Bengaluru’s Magnetic Pull
After independence in 1947, Bengaluru was like any other Indian city. But soon it transformed into the hub of public sector industries. Telecommunications, aerospace, heavy equipment, space and defence sectors moved to Bengaluru. With it went massive government funds. The Indian Telephone Industries, National Aerospace Laboratories, Hindustan Aeronautics, Bharat Earth Movers and Bharat Heavy Electronics started addressing their headquarters in Bengaluru. The arrival of these industries brought with it India’s best scientific and technical manpower within one geography. Soon the momentum turned itself and the city saw its IT Revolution of the 2000s and soon began the mushrooming of various startups.
Wealth of Resources
For starting any new venture, all you need are three key ingredients - an idea, the right people and capital. Bengaluru has an abundance of the latter two. It seems a new startup blooms from every hostel and university in this city.
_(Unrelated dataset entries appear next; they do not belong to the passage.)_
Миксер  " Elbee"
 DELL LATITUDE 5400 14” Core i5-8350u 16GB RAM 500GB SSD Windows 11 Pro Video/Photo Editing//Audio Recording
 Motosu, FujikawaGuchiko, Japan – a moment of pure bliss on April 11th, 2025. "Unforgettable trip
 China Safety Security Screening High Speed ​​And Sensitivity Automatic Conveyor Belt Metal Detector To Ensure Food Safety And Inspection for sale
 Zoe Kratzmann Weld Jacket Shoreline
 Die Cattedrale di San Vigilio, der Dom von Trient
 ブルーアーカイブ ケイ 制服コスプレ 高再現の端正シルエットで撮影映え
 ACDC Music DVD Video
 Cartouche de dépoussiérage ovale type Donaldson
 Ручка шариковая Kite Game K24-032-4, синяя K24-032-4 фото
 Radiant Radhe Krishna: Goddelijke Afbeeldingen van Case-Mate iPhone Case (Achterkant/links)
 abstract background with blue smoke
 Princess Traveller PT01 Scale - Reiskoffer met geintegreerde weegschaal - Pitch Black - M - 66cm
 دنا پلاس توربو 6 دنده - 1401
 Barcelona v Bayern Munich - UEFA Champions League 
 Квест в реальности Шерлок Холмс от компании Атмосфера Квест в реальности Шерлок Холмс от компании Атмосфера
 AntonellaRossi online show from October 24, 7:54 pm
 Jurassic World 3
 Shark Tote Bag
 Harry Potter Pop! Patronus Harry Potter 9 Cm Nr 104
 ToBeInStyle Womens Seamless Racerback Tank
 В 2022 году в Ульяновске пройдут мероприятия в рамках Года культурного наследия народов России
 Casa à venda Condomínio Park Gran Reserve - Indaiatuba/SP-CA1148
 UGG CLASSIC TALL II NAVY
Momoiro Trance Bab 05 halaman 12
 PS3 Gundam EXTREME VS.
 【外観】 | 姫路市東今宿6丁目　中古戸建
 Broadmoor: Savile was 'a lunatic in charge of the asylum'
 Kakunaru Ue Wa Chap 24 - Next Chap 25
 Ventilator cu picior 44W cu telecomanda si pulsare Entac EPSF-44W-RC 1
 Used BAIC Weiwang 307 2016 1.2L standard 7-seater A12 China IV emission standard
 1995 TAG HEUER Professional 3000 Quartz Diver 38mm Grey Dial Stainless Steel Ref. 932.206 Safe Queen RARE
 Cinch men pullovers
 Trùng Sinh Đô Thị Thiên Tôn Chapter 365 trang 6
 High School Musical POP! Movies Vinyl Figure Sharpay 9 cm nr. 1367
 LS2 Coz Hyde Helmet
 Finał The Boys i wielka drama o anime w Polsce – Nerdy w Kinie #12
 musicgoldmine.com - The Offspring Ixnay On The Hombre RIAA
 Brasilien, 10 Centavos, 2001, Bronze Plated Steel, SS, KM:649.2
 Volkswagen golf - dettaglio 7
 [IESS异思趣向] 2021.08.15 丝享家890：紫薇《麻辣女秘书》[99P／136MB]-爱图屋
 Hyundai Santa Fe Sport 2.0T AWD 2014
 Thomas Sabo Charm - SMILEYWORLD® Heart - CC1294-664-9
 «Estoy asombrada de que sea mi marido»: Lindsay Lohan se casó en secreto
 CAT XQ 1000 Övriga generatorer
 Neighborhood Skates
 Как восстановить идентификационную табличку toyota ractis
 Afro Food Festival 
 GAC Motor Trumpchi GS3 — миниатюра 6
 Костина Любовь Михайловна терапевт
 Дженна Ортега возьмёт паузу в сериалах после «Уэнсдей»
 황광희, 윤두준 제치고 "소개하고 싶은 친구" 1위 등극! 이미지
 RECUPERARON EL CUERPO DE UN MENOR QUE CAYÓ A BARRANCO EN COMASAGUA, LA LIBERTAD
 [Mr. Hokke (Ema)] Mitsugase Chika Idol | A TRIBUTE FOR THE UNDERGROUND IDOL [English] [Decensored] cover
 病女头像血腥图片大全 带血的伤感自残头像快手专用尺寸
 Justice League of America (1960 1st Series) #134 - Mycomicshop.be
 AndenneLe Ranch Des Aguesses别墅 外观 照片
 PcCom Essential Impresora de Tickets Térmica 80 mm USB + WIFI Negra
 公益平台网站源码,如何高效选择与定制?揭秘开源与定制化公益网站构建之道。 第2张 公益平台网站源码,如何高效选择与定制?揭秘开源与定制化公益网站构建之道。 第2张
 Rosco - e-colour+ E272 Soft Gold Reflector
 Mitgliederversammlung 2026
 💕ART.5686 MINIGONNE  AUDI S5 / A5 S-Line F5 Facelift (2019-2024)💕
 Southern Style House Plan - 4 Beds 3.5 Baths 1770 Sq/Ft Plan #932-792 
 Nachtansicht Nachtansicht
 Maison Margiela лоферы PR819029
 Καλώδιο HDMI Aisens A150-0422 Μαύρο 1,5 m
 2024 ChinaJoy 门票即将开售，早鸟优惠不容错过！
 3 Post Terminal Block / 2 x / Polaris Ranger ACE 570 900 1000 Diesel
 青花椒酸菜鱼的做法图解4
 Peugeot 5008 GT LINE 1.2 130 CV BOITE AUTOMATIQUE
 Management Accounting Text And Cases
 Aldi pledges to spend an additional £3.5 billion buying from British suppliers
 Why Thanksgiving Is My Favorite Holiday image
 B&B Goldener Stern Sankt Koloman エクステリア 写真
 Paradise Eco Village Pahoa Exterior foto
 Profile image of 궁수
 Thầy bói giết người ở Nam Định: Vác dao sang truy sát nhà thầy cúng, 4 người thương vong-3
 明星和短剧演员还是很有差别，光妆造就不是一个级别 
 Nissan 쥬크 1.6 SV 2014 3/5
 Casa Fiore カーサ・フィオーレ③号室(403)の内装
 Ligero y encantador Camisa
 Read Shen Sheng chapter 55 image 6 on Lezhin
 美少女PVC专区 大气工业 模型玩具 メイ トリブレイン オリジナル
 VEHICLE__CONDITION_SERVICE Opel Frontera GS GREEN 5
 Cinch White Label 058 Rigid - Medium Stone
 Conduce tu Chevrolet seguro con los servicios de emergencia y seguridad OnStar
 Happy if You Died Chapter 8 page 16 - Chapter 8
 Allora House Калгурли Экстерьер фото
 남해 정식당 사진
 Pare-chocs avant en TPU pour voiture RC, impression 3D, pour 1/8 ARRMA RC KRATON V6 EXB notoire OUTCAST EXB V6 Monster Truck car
Being Asia’s fastest-growing startup ecosystem, Bengaluru has a vibrant and resourceful community. This city and the state of Karnataka has over 400 R&D centres and 85 chip designing houses. This provides startups to do business with ease. Also, the average salary of an engineer in Bengaluru is 13 times lower than that in Silicon Valley. This attracts foreign companies to get their employees from here.
More than the people, Bengaluru provides an abundance of wealth. Besides the national schemes provided by the central government, the state too encourages innovation. Launched in 2015, the Karnataka Startup Policy has funds with a corpus of more than $47 million. Startups ranging from biotechnology to animation to even tourism can avail them. If the company registers itself under the Karnataka Shops and Commercial Establishment Act of 1961, they can get access to more funding.
The city is full of accelerator and incubator programmes that help entrepreneurs and their startups in their initial stages. Bengaluru has many such initiatives like Microsoft Accelerator, Nasscomm’s 10,000 startups, Walmart Labs and TLabs. Well established corporations like Tata Group, Mahindra & Mahindra, Yes Bank and more have their own initiatives. These reasons are the driving factor behind 45% of all funds put in Indian startups are going to Bengaluru based startups. More funds are allocated to Bengaluru startups than Delhi and Mumbai put together.